▶ Task prompt
Restate all the lines below word for word, but omit the pictures.

▶ Recorded data
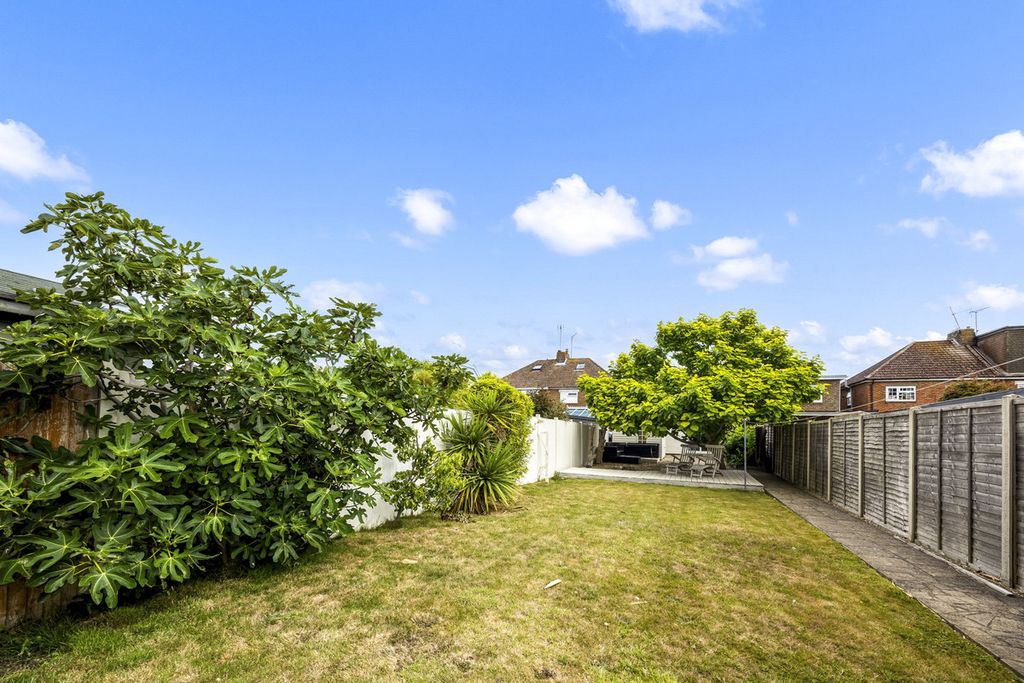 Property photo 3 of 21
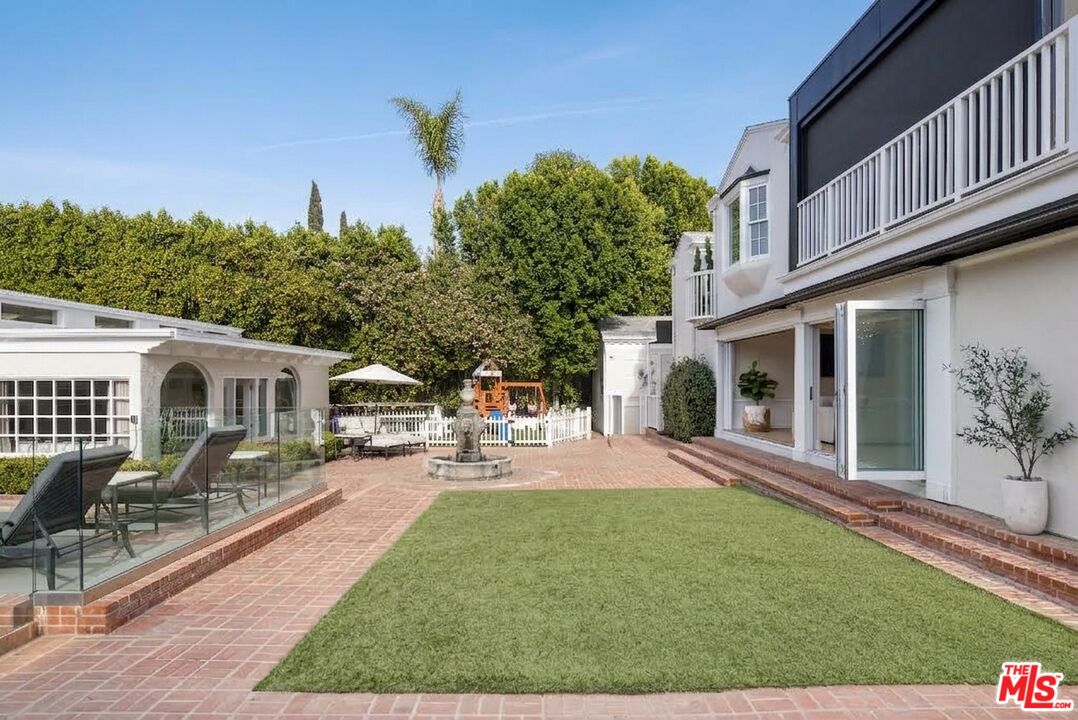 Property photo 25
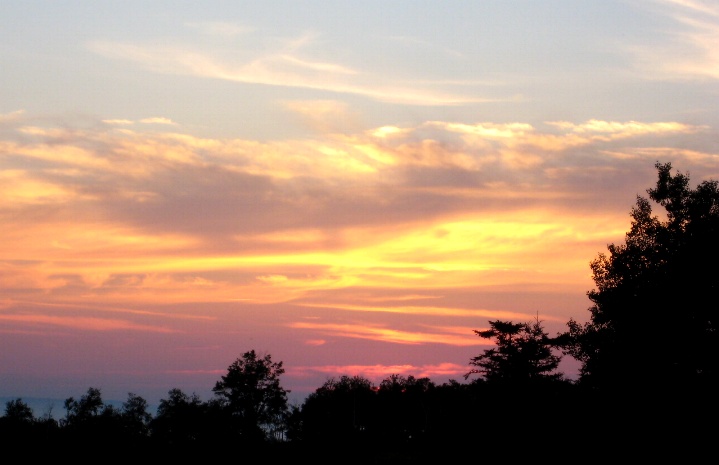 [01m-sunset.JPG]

▶ Completed task
 Property photo 3 of 21
 Property photo 25
 [01m-sunset.JPG]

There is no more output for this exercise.